The power of modern semantic layers (like the dbt Semantic Layer or Looker's modeling layer) is that they are virtual layers used for declaring metrics, calculations, and joins. They leverage the data warehouse's compute engine to run queries, meaning they establish governance and consistency without requiring data replication outside of the warehouse.

A semantic layer is also practical because it allows the company to separate different teams for giving support to different part of the stack. One team doesn't need to understand the entire business just to write boilerplate code that moves data from point A to point B.

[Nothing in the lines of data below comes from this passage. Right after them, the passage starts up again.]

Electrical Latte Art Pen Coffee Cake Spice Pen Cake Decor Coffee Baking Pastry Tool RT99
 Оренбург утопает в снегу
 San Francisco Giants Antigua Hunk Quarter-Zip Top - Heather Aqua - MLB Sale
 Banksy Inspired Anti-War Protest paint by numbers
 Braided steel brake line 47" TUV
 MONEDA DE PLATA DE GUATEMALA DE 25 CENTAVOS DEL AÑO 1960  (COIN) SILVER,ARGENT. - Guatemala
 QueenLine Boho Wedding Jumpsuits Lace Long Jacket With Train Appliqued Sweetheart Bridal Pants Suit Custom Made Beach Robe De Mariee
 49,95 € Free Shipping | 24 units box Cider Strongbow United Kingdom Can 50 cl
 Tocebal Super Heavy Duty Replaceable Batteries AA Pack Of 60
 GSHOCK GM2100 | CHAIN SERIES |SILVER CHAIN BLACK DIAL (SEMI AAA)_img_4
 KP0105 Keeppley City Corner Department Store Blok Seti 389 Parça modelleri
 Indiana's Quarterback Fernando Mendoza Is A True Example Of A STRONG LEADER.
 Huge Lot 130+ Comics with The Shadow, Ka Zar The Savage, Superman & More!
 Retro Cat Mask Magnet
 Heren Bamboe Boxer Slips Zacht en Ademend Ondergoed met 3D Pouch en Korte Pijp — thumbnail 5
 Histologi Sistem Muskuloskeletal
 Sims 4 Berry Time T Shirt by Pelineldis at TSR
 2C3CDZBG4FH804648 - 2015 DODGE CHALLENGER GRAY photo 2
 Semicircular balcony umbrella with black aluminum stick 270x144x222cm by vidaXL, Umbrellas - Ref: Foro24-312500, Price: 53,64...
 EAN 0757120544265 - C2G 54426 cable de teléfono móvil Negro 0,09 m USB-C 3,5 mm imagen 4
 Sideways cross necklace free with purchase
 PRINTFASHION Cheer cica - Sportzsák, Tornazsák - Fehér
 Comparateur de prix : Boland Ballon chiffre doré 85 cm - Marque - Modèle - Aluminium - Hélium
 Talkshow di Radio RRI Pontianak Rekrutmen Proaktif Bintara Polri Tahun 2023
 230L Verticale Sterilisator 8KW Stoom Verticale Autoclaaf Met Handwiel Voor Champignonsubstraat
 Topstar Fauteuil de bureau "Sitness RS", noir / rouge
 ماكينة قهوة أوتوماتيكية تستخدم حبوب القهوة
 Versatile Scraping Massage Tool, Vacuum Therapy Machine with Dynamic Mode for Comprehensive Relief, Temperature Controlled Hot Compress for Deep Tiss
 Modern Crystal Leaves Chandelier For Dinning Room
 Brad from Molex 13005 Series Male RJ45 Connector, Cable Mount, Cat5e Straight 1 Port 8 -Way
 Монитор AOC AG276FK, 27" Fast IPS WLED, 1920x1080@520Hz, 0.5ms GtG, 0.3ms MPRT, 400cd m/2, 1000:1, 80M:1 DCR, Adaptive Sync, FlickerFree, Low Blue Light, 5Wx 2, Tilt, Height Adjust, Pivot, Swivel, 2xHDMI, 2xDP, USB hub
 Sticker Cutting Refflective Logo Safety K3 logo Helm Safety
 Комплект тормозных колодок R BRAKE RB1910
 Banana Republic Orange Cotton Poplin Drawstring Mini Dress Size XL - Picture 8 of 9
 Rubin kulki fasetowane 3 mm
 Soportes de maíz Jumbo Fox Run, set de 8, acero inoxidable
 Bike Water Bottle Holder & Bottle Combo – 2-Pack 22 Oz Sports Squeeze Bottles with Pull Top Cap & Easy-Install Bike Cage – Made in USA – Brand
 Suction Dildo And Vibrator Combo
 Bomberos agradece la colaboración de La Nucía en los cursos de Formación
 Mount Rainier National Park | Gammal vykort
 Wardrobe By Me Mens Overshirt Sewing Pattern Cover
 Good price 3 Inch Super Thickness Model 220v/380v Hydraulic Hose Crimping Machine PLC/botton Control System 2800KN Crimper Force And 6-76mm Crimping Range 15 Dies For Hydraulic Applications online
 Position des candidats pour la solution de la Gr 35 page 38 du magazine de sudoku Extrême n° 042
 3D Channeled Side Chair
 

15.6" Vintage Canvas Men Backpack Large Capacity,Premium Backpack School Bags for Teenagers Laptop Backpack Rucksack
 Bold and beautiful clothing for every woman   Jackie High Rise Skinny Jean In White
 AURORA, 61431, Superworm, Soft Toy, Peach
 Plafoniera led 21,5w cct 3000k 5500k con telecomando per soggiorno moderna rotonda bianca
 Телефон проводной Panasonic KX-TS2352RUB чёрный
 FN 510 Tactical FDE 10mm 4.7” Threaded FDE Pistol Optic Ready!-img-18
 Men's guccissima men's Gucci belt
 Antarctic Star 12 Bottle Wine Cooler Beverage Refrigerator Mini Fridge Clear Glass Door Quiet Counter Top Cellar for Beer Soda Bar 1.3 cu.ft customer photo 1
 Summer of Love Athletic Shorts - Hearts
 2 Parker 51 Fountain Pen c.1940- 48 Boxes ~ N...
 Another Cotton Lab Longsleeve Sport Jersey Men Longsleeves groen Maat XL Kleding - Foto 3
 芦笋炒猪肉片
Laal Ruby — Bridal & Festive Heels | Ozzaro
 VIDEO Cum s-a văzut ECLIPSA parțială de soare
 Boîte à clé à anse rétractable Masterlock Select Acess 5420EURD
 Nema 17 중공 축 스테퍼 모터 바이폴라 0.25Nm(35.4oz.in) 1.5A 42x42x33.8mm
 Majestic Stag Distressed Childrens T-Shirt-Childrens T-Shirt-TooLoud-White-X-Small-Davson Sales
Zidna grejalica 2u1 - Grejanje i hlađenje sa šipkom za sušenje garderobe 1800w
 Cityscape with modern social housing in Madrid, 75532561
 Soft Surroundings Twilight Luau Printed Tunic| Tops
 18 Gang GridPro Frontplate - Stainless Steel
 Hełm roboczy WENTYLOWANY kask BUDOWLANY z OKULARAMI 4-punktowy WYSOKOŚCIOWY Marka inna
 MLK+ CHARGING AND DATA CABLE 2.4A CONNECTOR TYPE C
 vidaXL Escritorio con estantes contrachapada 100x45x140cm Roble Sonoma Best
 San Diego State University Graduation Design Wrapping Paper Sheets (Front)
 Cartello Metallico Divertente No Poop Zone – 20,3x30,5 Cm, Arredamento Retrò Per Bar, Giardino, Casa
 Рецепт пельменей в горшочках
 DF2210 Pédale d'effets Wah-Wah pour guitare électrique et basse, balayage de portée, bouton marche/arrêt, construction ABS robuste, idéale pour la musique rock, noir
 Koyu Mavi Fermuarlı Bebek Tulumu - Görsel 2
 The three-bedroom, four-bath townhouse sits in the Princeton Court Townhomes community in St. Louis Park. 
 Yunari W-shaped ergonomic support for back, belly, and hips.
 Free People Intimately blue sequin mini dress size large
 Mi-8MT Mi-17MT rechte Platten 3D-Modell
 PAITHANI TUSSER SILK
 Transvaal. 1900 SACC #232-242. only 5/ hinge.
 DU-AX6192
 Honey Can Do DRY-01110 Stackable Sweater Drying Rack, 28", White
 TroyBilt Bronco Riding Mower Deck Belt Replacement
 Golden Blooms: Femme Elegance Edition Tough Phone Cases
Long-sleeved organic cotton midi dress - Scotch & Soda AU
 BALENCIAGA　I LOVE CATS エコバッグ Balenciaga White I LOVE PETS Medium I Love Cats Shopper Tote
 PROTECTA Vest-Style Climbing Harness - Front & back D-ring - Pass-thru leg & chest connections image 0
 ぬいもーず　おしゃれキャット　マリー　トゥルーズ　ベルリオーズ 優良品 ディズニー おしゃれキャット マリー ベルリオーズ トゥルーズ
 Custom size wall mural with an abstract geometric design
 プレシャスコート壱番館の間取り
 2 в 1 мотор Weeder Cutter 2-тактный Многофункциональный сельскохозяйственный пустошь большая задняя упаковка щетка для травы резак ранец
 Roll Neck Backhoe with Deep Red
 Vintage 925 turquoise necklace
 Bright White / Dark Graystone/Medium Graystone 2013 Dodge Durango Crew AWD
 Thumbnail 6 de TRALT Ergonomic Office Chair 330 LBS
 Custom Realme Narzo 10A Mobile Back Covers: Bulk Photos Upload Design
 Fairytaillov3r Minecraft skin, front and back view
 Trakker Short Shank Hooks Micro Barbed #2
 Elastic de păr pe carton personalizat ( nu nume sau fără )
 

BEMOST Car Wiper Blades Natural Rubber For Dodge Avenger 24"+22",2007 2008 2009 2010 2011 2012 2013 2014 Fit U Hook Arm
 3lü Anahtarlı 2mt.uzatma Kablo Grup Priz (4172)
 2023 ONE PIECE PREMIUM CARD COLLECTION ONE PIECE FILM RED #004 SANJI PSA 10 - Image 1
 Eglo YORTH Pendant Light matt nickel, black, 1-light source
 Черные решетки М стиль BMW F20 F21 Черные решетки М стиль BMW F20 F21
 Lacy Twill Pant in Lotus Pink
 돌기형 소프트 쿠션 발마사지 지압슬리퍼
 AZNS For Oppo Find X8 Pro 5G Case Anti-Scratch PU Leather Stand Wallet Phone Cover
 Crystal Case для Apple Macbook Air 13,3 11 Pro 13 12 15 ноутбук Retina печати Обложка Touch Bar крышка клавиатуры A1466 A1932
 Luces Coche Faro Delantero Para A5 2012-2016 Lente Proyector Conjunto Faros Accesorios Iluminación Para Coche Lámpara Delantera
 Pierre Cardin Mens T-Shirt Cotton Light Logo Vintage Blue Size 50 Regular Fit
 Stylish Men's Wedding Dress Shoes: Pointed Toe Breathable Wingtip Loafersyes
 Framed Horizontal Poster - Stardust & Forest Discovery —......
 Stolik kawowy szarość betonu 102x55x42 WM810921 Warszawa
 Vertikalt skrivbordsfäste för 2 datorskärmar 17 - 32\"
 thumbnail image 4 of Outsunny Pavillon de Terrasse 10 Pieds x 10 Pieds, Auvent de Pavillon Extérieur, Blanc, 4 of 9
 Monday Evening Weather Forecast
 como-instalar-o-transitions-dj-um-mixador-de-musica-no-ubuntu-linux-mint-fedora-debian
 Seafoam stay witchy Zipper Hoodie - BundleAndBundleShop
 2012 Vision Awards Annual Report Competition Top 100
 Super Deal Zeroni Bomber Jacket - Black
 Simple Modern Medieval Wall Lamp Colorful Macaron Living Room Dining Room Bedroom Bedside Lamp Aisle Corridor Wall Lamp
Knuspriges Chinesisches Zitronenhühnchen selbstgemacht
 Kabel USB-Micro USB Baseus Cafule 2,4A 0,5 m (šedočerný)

Does it look like KISSing?

The opposing view to DRY is called WET, a backronym commonly taken to stand for W rite E verything T wice (alternatively write every time , we enjoy typing or waste everyone's time ).

— Wikipedia

Think about what the aforementioned scenario would look like when for every incident in production you will have to check every part of the stack. This WET architecture means the knowledge and logic are spread thin, leading to a chaotic situation where there is no clear separation of duties in the layers, or the separation is simply ignored by the engineers.

This organizational stress is precisely why some managers mistakenly believe the solution is staffing.

For managers that think that every engineer should be a full-stack engineer — capable of debugging logic scattered from ingestion scripts all the way to dashboard configuration — chances are they are not tackling the root problem: the data architecture is so complex (i.e., WET)!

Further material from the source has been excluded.